The other big problem with all these Muslims i know, they invest in crap ‘halal funds’ - i asked him if he really really cared about ‘shariah compliant halal only investments’ - he said no. There’s no good shariah compliant halal etf with low expense ratio. Now he’s in sp500 because he actually didn’t care about that - his Pakistani Muslim financial advisor thought he did.
So, I actually do care about this. There may have been/are terrible funds like that, but there are others performing well. Wahed investments being one (among others), fairly low cost, performance pretty close to S&P 500.
 
So, I actually do care about this.
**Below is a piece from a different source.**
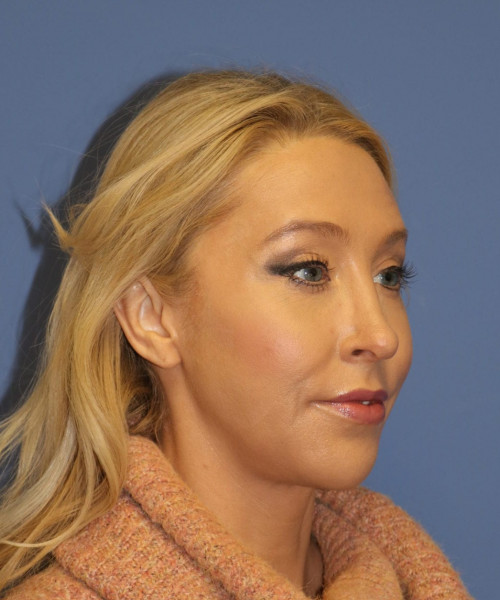 Rhinoplasty #6889 – click HERE for more views after photo. Individual results may vary.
There may have been/are terrible funds like that, but there are others performing well. Wahed investments being one (among others), fairly low cost, performance pretty close to S&P 500.
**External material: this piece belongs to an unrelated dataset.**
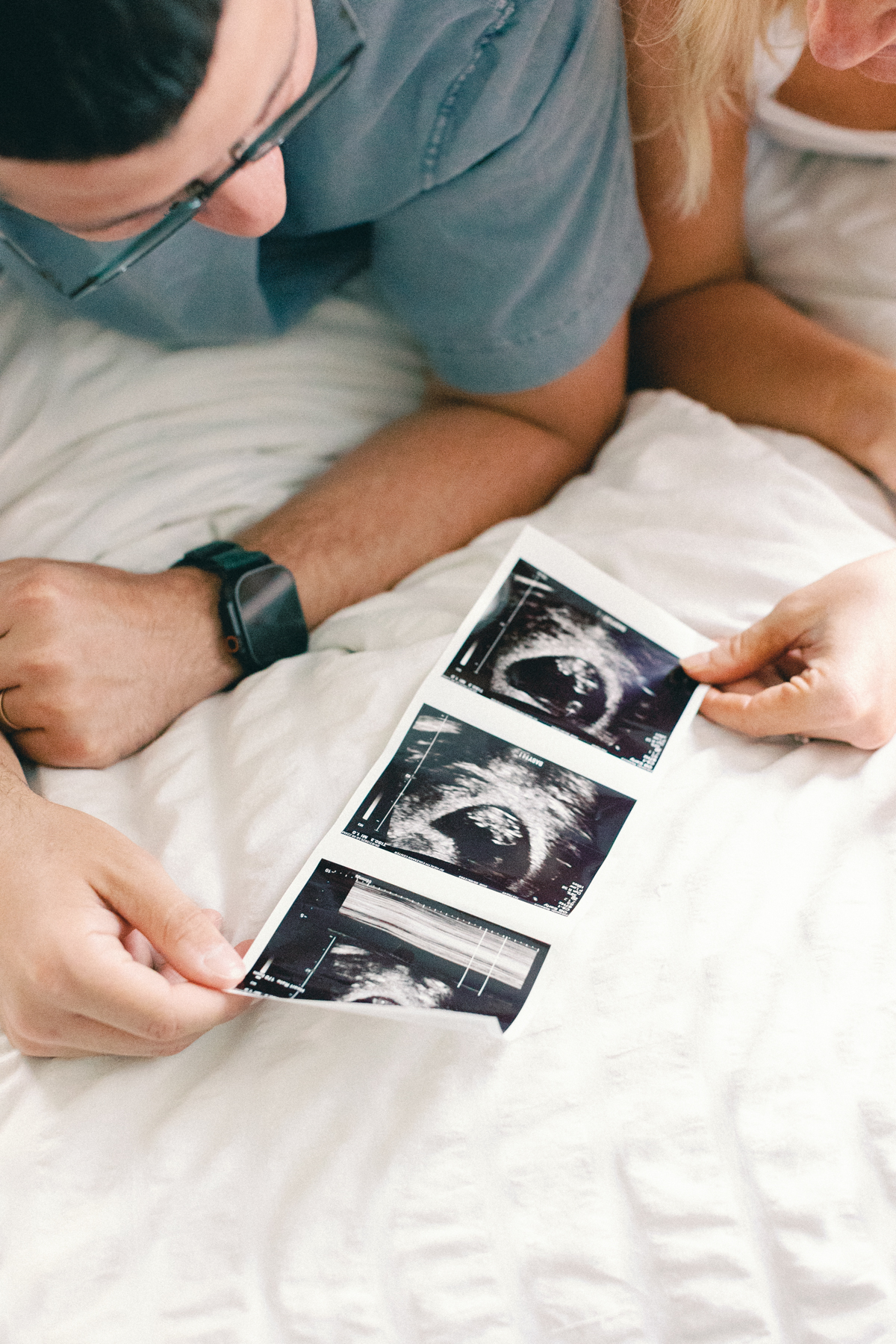 ultrasound picture up close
Is it low cost like Voo - 0.03 expense ratio?

No.

The biggest difference in returns is from 2 things:

1) fees
2) asset allocation

That’s it.
 
So, I actually do care about this. There may have been/are terrible funds like that, but there are others performing well. Wahed investments being one (among others), fairly low cost, performance pretty close to S&P 500.

Also cool fun trick.

You can go through the holdings of your portfolio at wahed, create a pie at m1finance that mimics it. And boom - 0% fee, complete automation.
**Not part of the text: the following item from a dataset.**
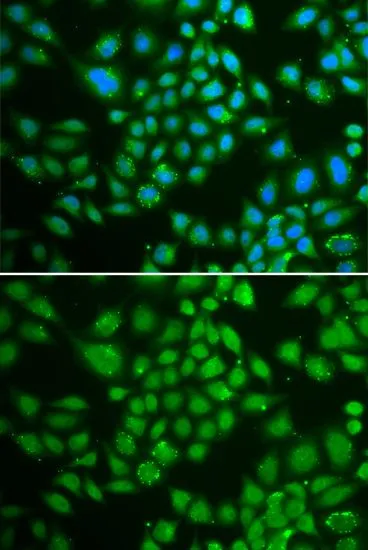 ICC/IF analysis of HeLa cells using GTX32553 DCK antibody. Blue : DAPI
Keep 5000 at wahed so you can look at their portfolio of what they’re doing so occasionally you can change things around to continue mimicking them.

if/once you have a big portfolio, the 0.5% they charge will really be millions over a lifetime. Think about it…it’s very easy to set up a pie on m1 finance with hundreds of companies.
 
I'm pretty sure most/all kids learn the basics of interest and compounding in high school math. I'd venture to guess the overwhelming majority of those lessons make the explicit connection to wealth growth. I can't speak to all states, but mine also had a semester of economics as a graduation requirement that touched on personal finance. A tons of schools also have Junior Achievement programs that go further into the stock market itself.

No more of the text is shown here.